PLL is either critically damped or Overdamped.

PLL loop bandwidth is 20 times less than Loop Update Frequency (Fref)

Icp*R is the jump on Vcntl when either of charge pump (UP or DOWN) are on .

one situation happens when UP/DOWN currents are not equal due to statistical or systemtic mismathes.

 

[love_analog]

Not entirely correct, Radhika. Its not ICp*R that needs to be limited to 2.5V. Its vctl.
Vctl is typ set by the cap of the loop filter and the Icp dumped into it. Icp*R is a transient thing every reference cycle (when PLL is locked)

Added after 18 seconds:

Not entirely correct, Radhika. Its not ICp*R that needs to be limited to 2.5V. Its vctl.
Vctl is typ set by the cap of the loop filter and the Icp dumped into it. Icp*R is a transient thing every reference cycle (when PLL is locked)

 

[RadhikaT]

Yes .... I want to say Icp*R is the ripple on Vcntl under locked condition. 2.5v is the highest ripple charge pump can handle with out going to triode if Charge pump operates with zero overdrive and steady state value on integrting Cap is zero.

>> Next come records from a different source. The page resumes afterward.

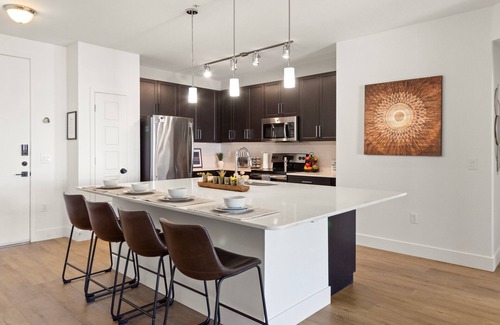Desert View Village Condo | Family Getaway Pool Laundry Relaxing Retreat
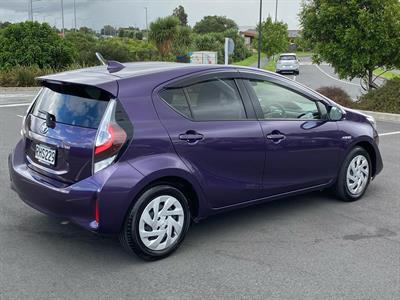 2020 Toyota Aqua - Thumbnail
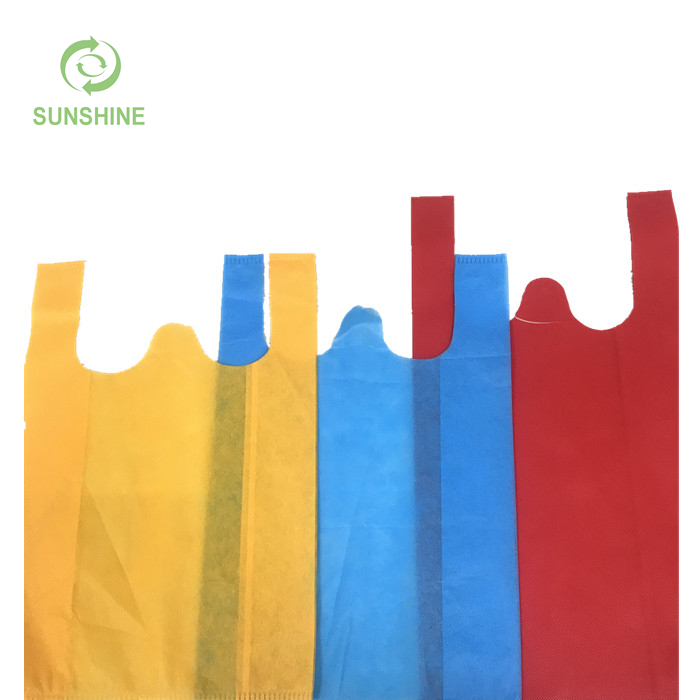 Eco-friendly 100% PP Nonwoven Fabric Cloth Colorful T-shirt Bag Spunbonded Shopping Bags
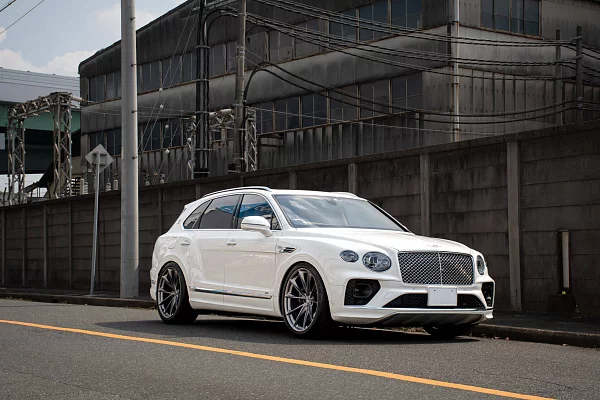 Фото дисков HRE P204 Сатиновый тонированный лак на Bentley Bentayga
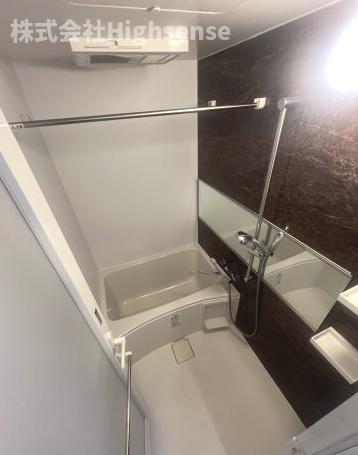 バス・シャワールーム　コンパクトで使いやすいお風呂です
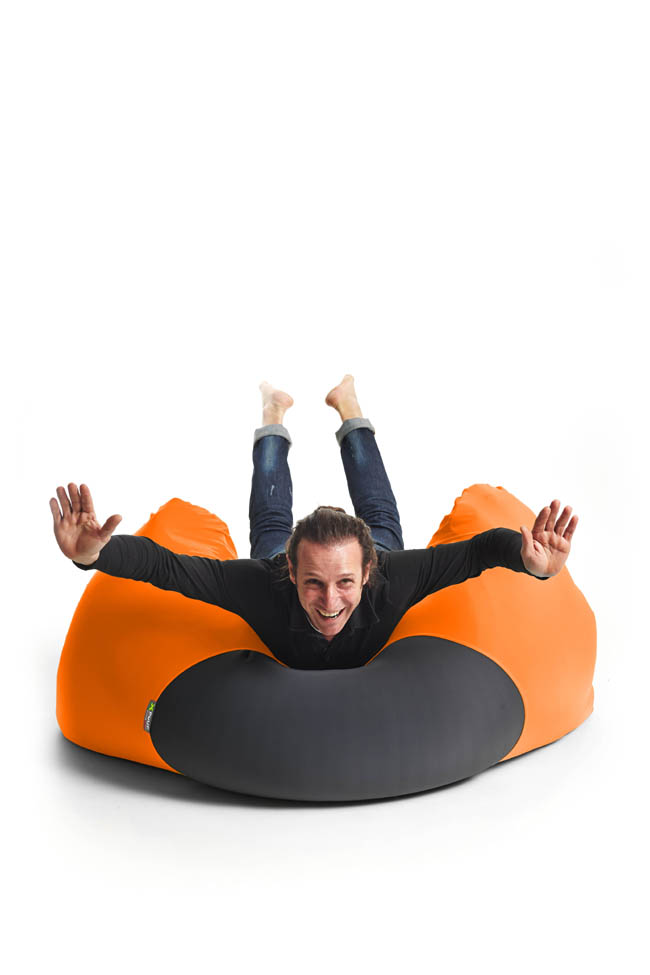 Affari ha scelto/ X-FIVE, il pouf che si ispira al windsurf Affari ha scelto/ X-FIVE, il pouf che si ispira al windsurf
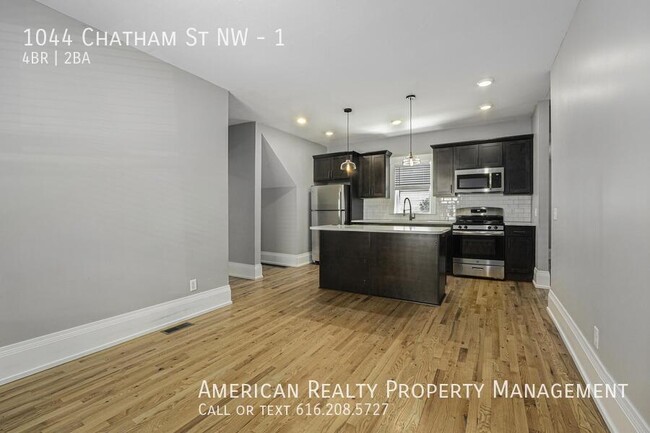 Foto del edificio - 1044 Chatham St NW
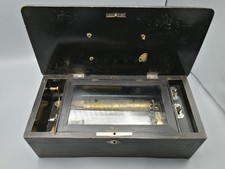 Antike Spieluhr, Walzenspieluhr wohl Schweiz um 1900 mit mehreren Melodien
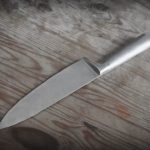 Пострадавшие с ножевыми ранениями. Мужчина напал на посетителей ТЦ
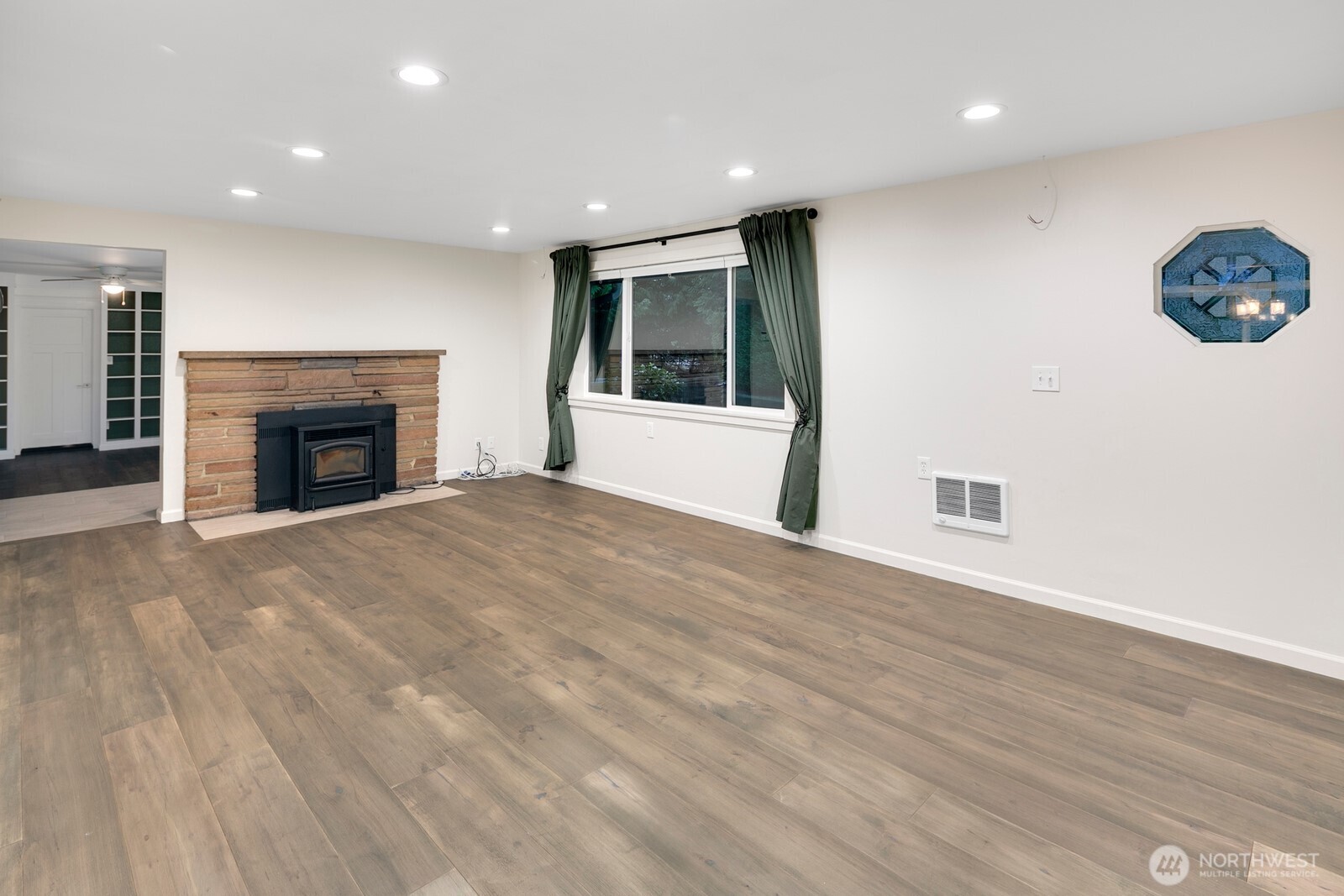 10 146th Street SW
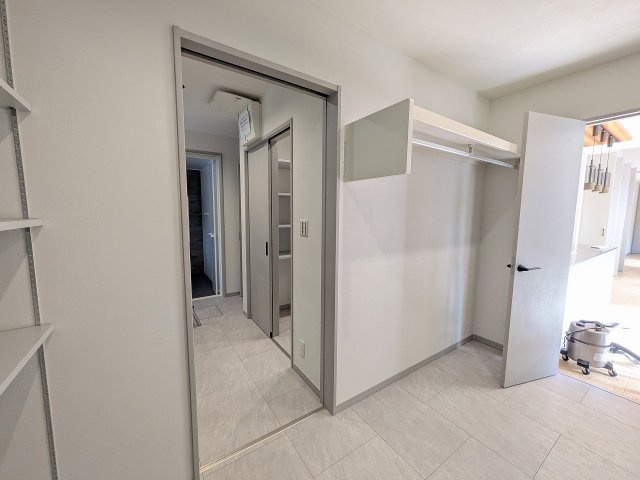 八王子市　横川町　平屋（新築一戸建て）の収納|～リビングと脱衣所から出入り可能なファミクロ～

Can anybody help how to increase PLL bandwidth by keeping Icp*R product as low s possible ??

 

[mosys]

hi radhika,
why you need wide band (are you interested in low long term jitter? ) and how wide it is? and icp*r is not the ripple on control node even in lock condition provided you are working with 3rd order pll...generally for changing bandwidth people use programmable Icp, because Kvco is very difficult to control at least in silicon when compared to Icp control.

Thanks,
Rajasekhar.

 

[RadhikaT]

This is 10GHz PLL in 65nm And Timing jitter < 0.2 pS .It has 10GHz LC VCO .At 10GHz Tank Q is less than 4 .Only option is going ahead with wide band PLL.Analysis shows required PLL bandwidth should be around 10MHz @ 156.25 MHz reference frequency.

Since frequency dividers already working at its full bandwidth ,PLL can't tolerate frequency peaking . So should go for higher damping factor which means higher Phase margin . It means place loop filter second pole at least 10 times away unity gain frequency of PLL.

simple calculation : PLL Bandwidth : 2*pi*10 MHz --- 60 Mrad/s

Loop Filter second pole : 60 M* 10 : 600 Mrad/S ( 1.7 nS Time constant).

Static/dynamic mismatchs associated with Phase Frequency detector and charge pump can be 5% of Reference frequency which can be (0.05/156.25M) : 0.32 nS

if calculate ripple on Vcntl under locked condition after inserting second pole inside loop filter ( Which means PLL is 3 rd order ) : Icp*R ( 1- e^-t/1.7ns ) : Icp*R ( 1- e^-0.32ns/1.7ns) -- Icp*R *0.2 ( 20% * Icp*R)

This much ripple also problematic since Charge pump will be operted with large Overdrive (300 mV) in order to minimize statistical mismatch. It will become even worst if we go for differential charge pump . these are showing little scope to depend on Charge pump current to Extend PLL bandwidth.